Deal creates a monopoly in critical sector
Former Minister of Economic Development Mahmood Razee, also former Minister of Civil Aviation, noted that the purchase “is not really a foreign investment since no additional equity is being brought into the country. Another firm has just bought the shares,” he said.
Moreover, the purchase of a controlling stake in the only two seaplane operators by a single company had effectively monopolised the market, he warned.
“This is a very exclusive market, and critical to the tourism industry. Even though both MAT and TMA operate the same aircraft, they have not previously been willing to cooperate,” Razee said.

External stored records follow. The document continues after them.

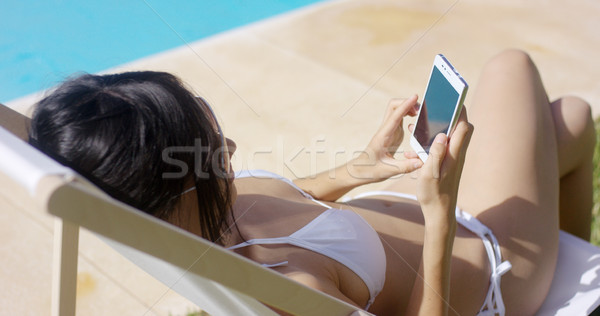 Young woman browsing on a mobile in the summer sun Stock photo © dash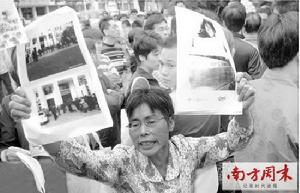 2009年11月11日一審時，死者嚴曉玲的母親林秀英手舉訴訟材料。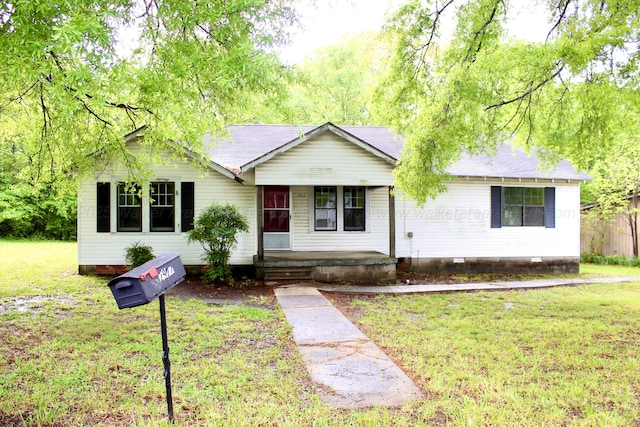 single story home featuring a porch, crawl space, and a front lawn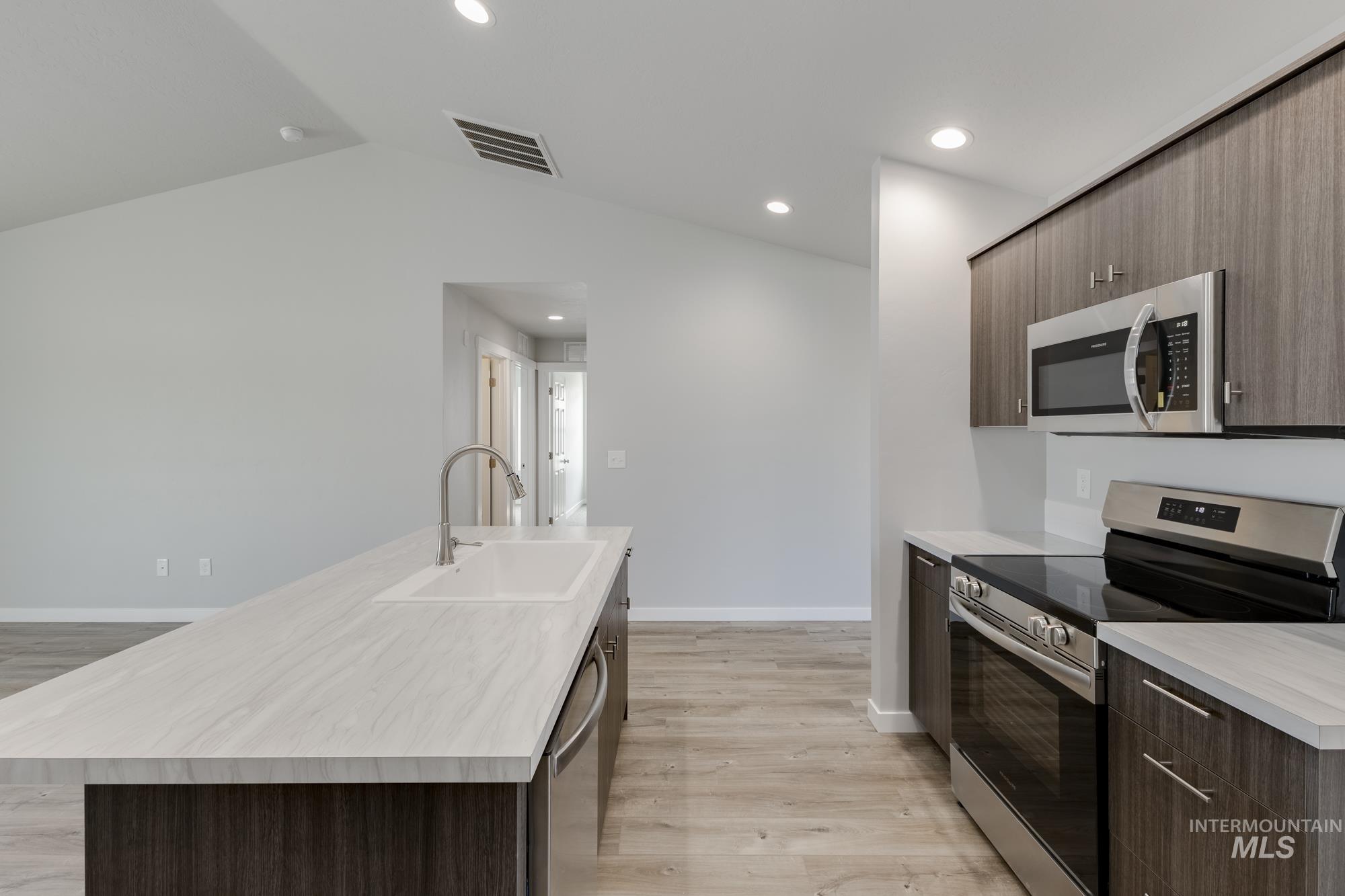 Kitchen featuring appliances with stainless steel finishes, dark brown cabinets, light countertops, modern cabinets, and light wood-style flooring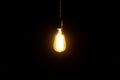 Decorative antique edison style light bulb glowing in the dark Royalty Free Stock Photo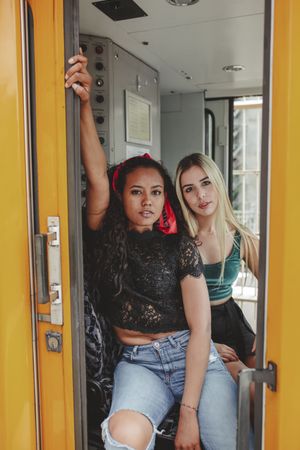 Friends sitting on train in drivers cabin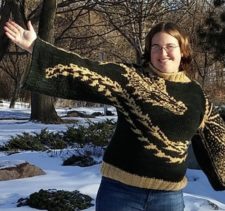 Dragon wraps around body of wide-sleeve sweater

“Now, without any discussion, they have been taken over and effectively become a monopoly,” he said, explaining that the Maldives did not have anti-monopoly laws which may have otherwise obstructed the sale: “We were looking at these when we were putting together the economic reform package [under the former government].”
Previously, resort managers could approach both companies seeking the better price for seaplane services, upon which they were reliant for the vast majority of their guest arrivals: “Now there is no effective competition, as the major shareholder is one and the same,” Razee said.
He acknowledged that “in an ideal world” prices could come down, as the two companies have been operating identical aircraft but duplicating maintenance and other services. However the end of this practice could affect jobs, he suggested.